Colonial Virginia planter and politician

Captain Anthony Armistead (ca. 1645–before 1705) was a planter, militia officer, politician and Justice of the Peace in the Colony and Dominion of Virginia in the British Empire. He may be best known for participating in the courts-martial after Bacon's Rebellion in 1676, for his own multiple terms in the House of Burgesses representing Elizabeth City County, Virginia, or for increasing the wealth and political prominence of his Tidewater Virginia family.

==Early and family life==

The youngest of three sons of William Armistead and his wife Anne, who had emigrated from Yorkshire, England to Elizabeth City County, Virginia in the 1730s. He was named to honor his English grandfather. His father proved shrewd in amassing land and influence for the family, in part by strategic marriages. His eldest brother John Armistead eventually served on the Governor's Council.

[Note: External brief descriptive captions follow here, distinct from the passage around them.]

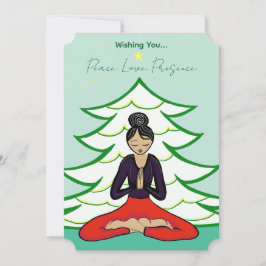 Peaceful Yogi by Christmas Tree Holiday Card Feiertagskarte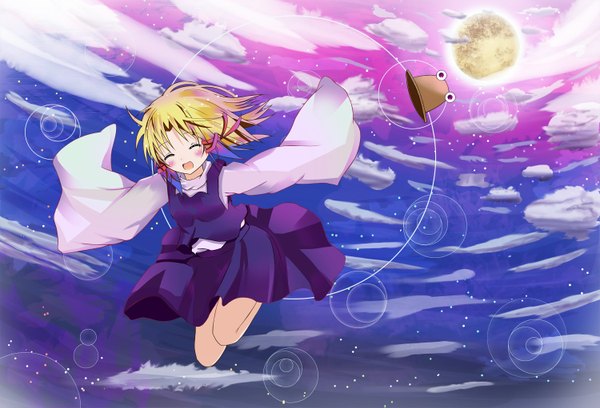 Anime picture 1500x1021 with touhou moriya suwako blush short hair blonde hair sky cloud (clouds) girl skirt ribbon (ribbons) hat moon star (stars) skirt set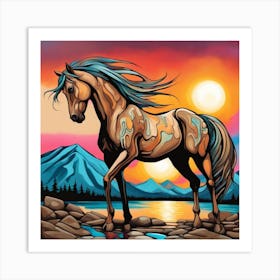 Sunset Horse Art Print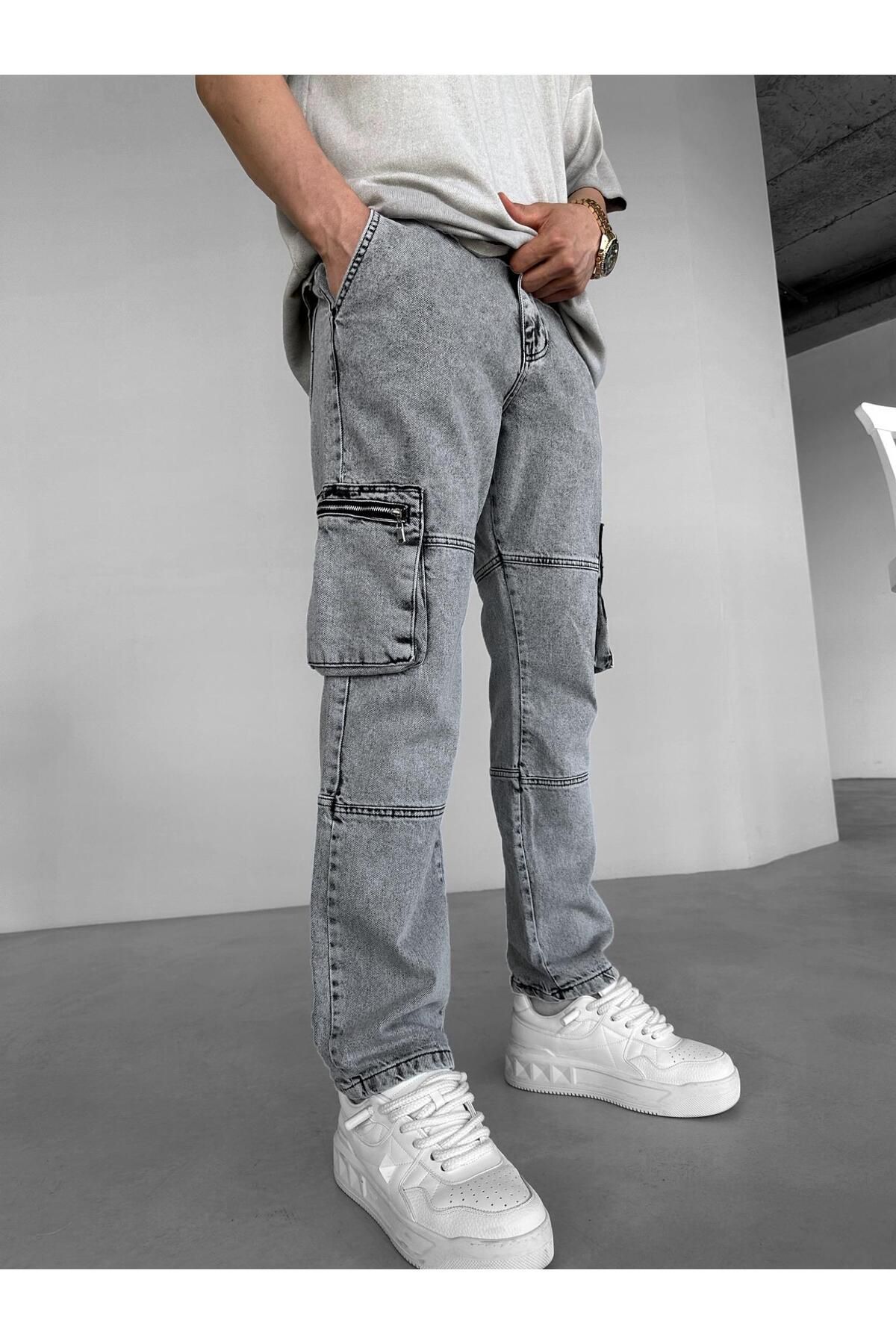 ablukaonline-Graue, gewaschene Baggy-Fit-Jeans-Cargohose für Herren 1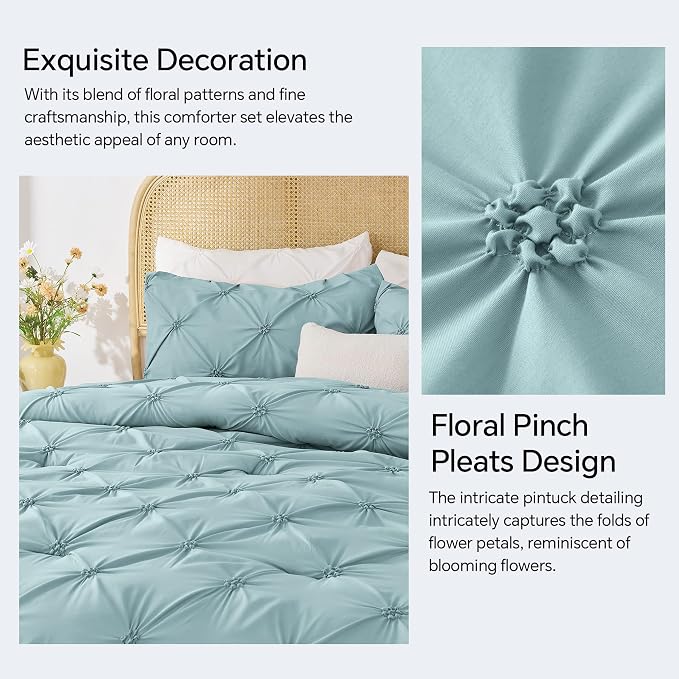 BEDELITE Queen Comforter Set Dusty Blue,Lightweight & Soft Comforter | Pintuck Boho Bedding, Warm & Cute Bed Set for All Season,With 2 Pillowcases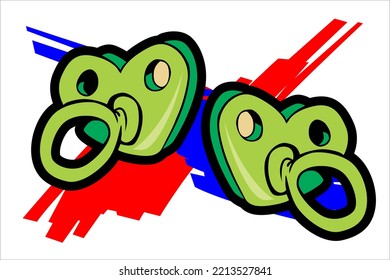 diseño vectorial de pacificador infantil verde lindo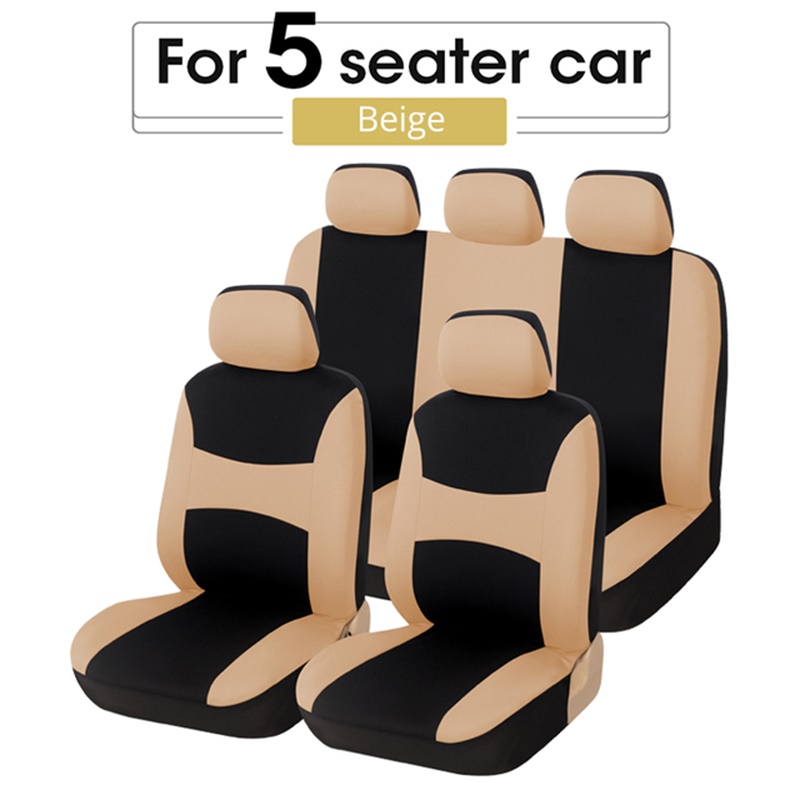 Universeller 9-teiliger Autositzbezug, abnehmbare Kopfstütze und zweifarbiger Design-Autoschutz, Airbag-kompatibel und verschleißfeste und schmutzabweisende Auto-Innenteile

This Captain Armistead married Hannah Ellyson, daughter of Dr. (and burgess) Robert Ellyson, of James City County, Virginia and a confidente of Governor Sir William Berkeley.

Their children were:
- Lieutenant Colonel Anthony Armistead Jr., who also served in the House of Burgesses.
- Captain Robert Armistead
- Major William Armistead who married Hannah Hines (and others)
- Judith Armistead who married John West III
- Hannah Armistead who married William Shelton

==Career==

By the mid-1670s, Armistead was a member of the Elizabeth City County Court (whose members jointly administered the county, in addition to their judicial service) and captain of the county militia. During Bacon's Rebellion he supported Governor William Berkeley and later served on a court-martial that condemned one rebel to death (by hanging).
Elizabeth City County voters first elected him as one of their representatives to the House of Burgesses in the final session of the General Assembly of 1680-1682, and his initial committee assignment was to Public Claims. Voters re-elected him in 1693, at which time he introduced his first bill (regulating tanners, and which did not pass). After a brief lapse, Anthony Armistead served on every session of the General Assembly beginning in 1696 through 1700, usually assigned to the important Committee of Propositions and Grievances. In 1700 he was appointed to the committee that revised the legal code in 1705, although he died shortly before it was enacted. However, Armistead also became known for lapses ion attendance, for which received reprimands from his colleagues.

==Death and legacy==

Anthony Armistead was in Williamsburg attending the legislative session which began on April 17, 1705 when he died, for the House asked to governor to issues a warrant for the election of a new burgess from the county on Mary 2, 1705. Two of his sons also served as burgesses, as did a son-in-law.